WORK REQUIRED
Exactly as written, set down each line of the data below except its pictures.

RECORDS PROVIDED Block Start

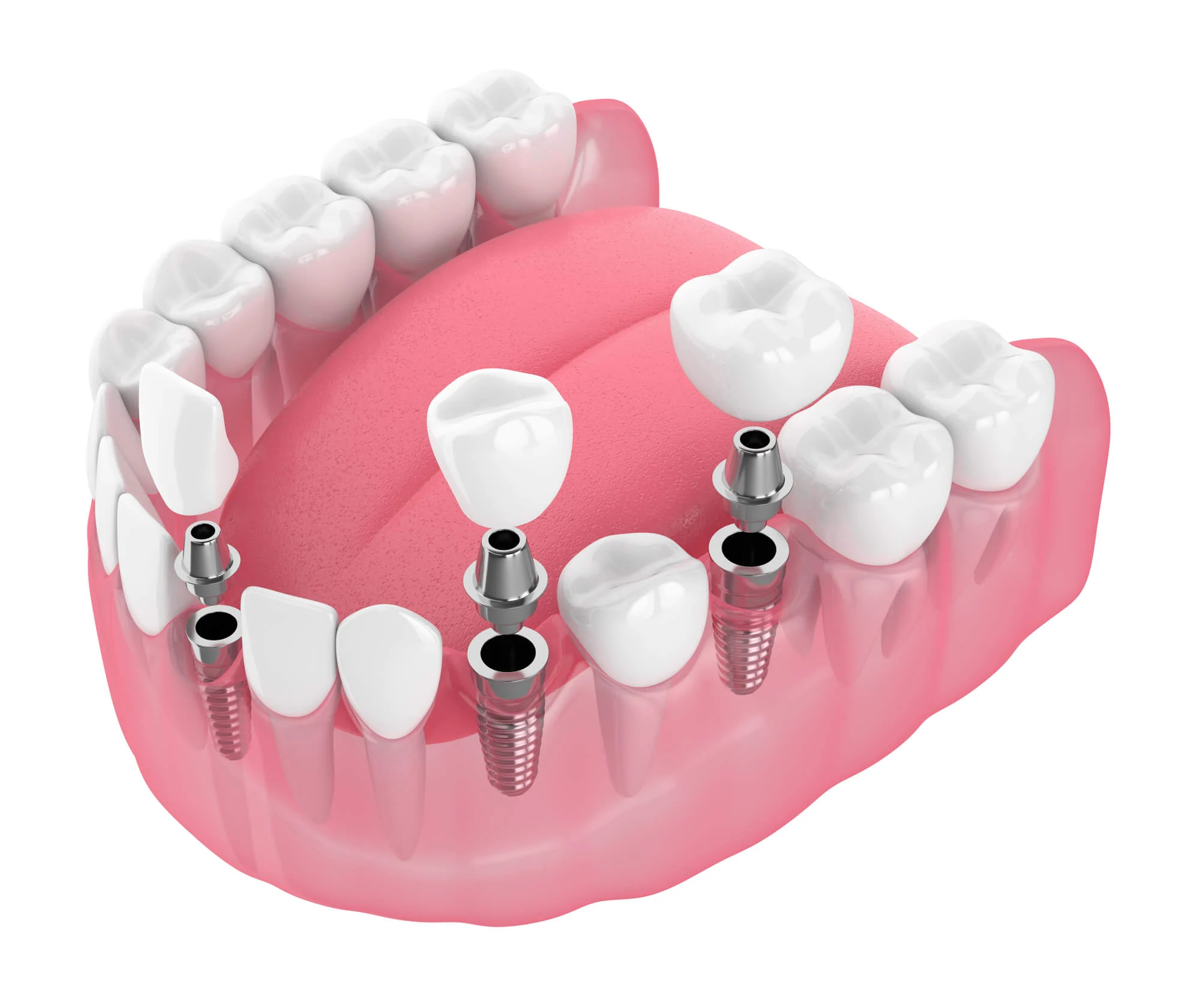 From Teeth to Face: Exploring the Impact of Dental Implants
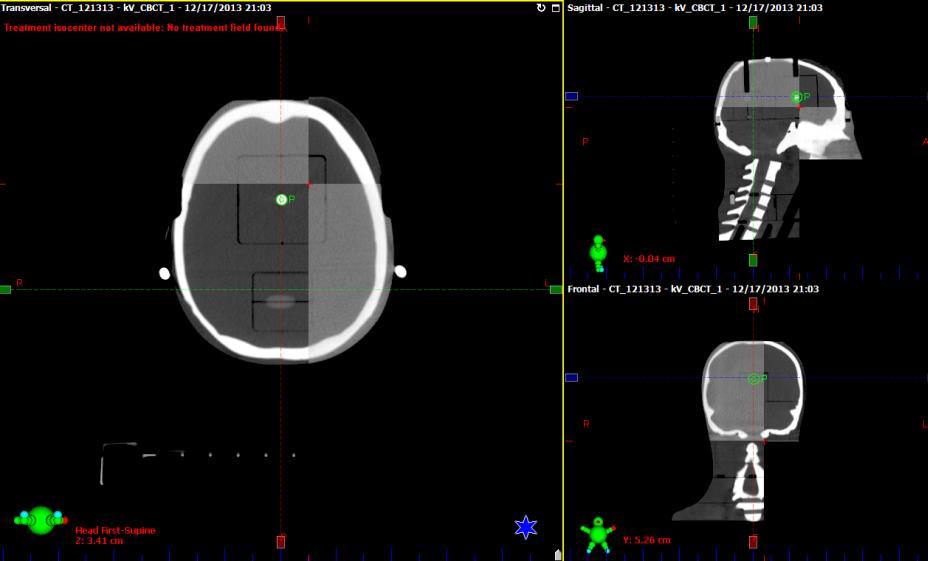 reference image is captured with AlignRT (zero offsets) Monitor patient s position during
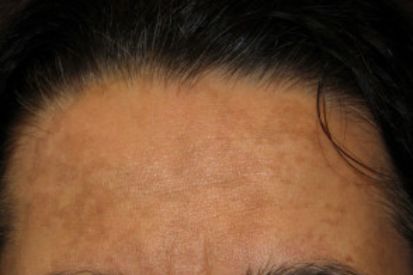 Melasma4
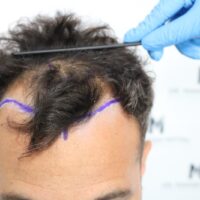 Roberto Before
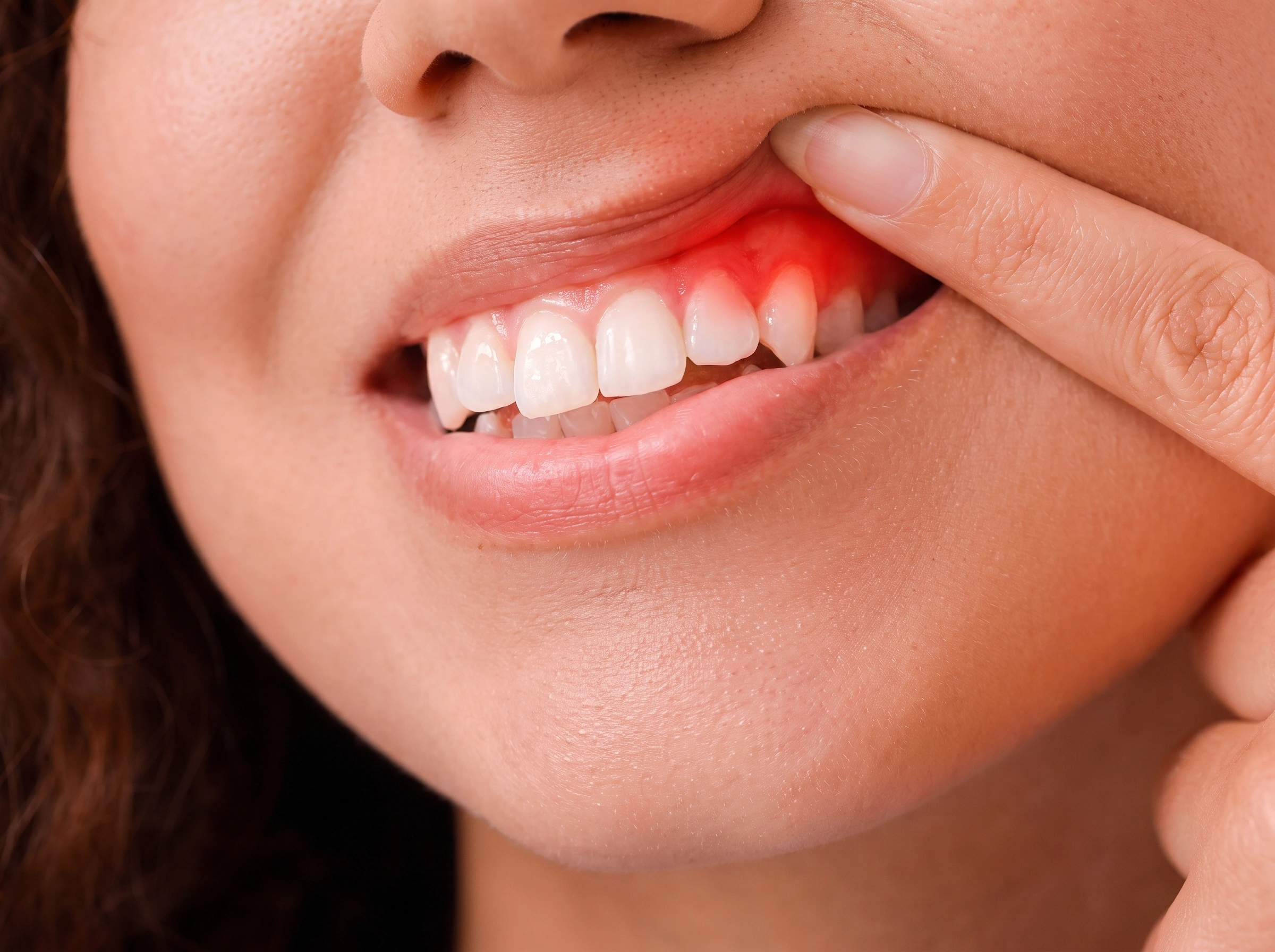 Periodontia: Tratamento das gengivas, ossos e fibras periodontais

RECORDS PROVIDED Block End

RESPONSE AREA
 From Teeth to Face: Exploring the Impact of Dental Implants
 reference image is captured with AlignRT (zero offsets) Monitor patient s position during
 Melasma4
 Roberto Before
 Periodontia: Tratamento das gengivas, ossos e fibras periodontais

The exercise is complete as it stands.